Hacker News new | past | comments | ask | show | jobs | submit login

We sure expected that generating idiomatic C code was important, and this informed a lot of early design choices in our toolchain. We were surprised, however, by how closely Mozilla reviewed and manually inspected the generated C code.

Yes, yes, yes! Just because one is automatically generating/translating code, that doesn't mean it can't be pretty! When automatically translating code, the matching engine needs to be done with the full syntactic expressiveness of the source language, and what is matched and translated need to be idioms in each language! (As opposed to fine-grained syntactic elements. When the translation is done below the level of idioms, what results is non-idiomatic. It sounds pretty obvious when put like that.)




When compiling one language to another, or to assembly, or just straight to object code, the most important things are that a) you produce interfaces (APIs / ABIs) that are easy to use, b) you generate good code.

No one is going to demand that GHC generate readable assembly. Why should they demand that GHC generate readable C if it were generating C instead of assembly?


> Why should they demand that GHC generate readable C if it were generating C instead of assembly?

Debugging in programs that are mixed C and other code.
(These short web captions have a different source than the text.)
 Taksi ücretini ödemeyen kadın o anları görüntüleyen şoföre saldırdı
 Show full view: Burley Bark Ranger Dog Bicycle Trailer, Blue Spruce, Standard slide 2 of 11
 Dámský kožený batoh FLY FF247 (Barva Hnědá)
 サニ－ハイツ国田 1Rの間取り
If you're in the middle of debugging Firefox (or any composed system) and start stepping through unstructured gobbledegook, you'll end up cursing the people who did this to you.

This becomes less of an issue if/when the non-C language becomes so ubiquitous that there is proper debugging support for it (viz Python or C++ support in gdb), but as long as a bug may be triggered, propagated or otherwise be interacted from the non-C side, you want that code easily readable.
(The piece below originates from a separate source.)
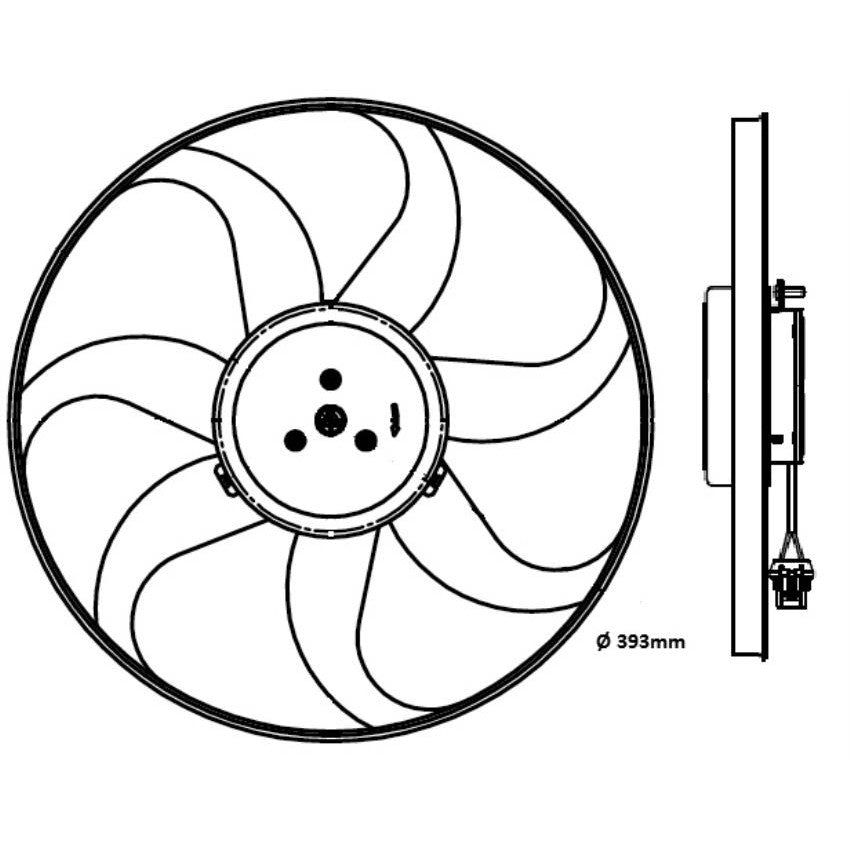 Eletroventilador - Magneti Marelli - EMM2021AVW - (1)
I remember a friends cracked out rant after a 48 hour all hands debugging binge to find a bug deep inside auto-generated JavaScript and HTML. They were using unicode text strings to tie the gobbledegook back to the source inputs and then trying to reason about what the code was supposed to do.

Comparison debugging mixed C source and assembly in a debugger is trivial.


Because the generated C is expected to be integrated into the project as source code: "Along the way, we learned what it takes to deliver quality C code that can be taken seriously and integrated into an actual source tree."

The code they generate is supposed to live on as source code, along with other code in the project. We should expect people to read and try to reason about code that exists in source control.


For code generators whose output you must or are expected to tinker with, I completely agree.

For compilers, however, I do not. For example, one codebase I help maintain is Heimdal, and it has its own ASN.1 compiler that generates C (and also something of an interpreted bytecode, as an option), and it's output is not even properly indented -- nobody minds because it works, and on the rare occasion I have to inspect that code, I use tools like VIM or clang to format it.


It isn't just tinkering that means the C must be readable. People need to be able to read it and understand what it does without learning F*.


It doesn't matter if the C code you are generating only gets seen by the C compiler. It does matter if humans need to see the generated C code, understand it and debug it.

This happened to me at work too. A large majority of the codebase is manually written C, but some of that is too tedious/error-prone to be written so they are generated. We invested a great deal of effort to generate extremely readable code, even with comments and all. The reason is that other people need to read this C code—both interface and implementation—as they work.

Speaking of GHC, the Haskell ecosystem actually has great tools to generate readable code. The various Wadler/Leijen libraries like ansi-wl-pprint make it a breeze to generate readable code. Indeed not many other languages have so many good, if a bit idiosyncratic, libraries to choose from just for pretty printing!


Debugging and profiling tools, which understand C. You don’t want a mess of auto generated function names showing up at the top or your profile. It’s better if the code generator produces something roughly human readable.

Also, crash reports produce stack traces. I’m positive that Microsoft and Mozilla are both heavy users of automated crash reports.

Abstractions are leaky. There are many tools for debugging assembly as well.


I've been playing around with nimlang...it compiles to C. It does create long identifiers, and consecutive ones too. Haven't had to, but running it in a C debugger would be madness.

Identifiers like:

TM_iLzrQjTMtHjOSlNDU8lfsw_2

TM_iLzrQjTMtHjOSlNDU8lfsw_3


You should check out Nim's gdb support. It will demangle these identifiers for you.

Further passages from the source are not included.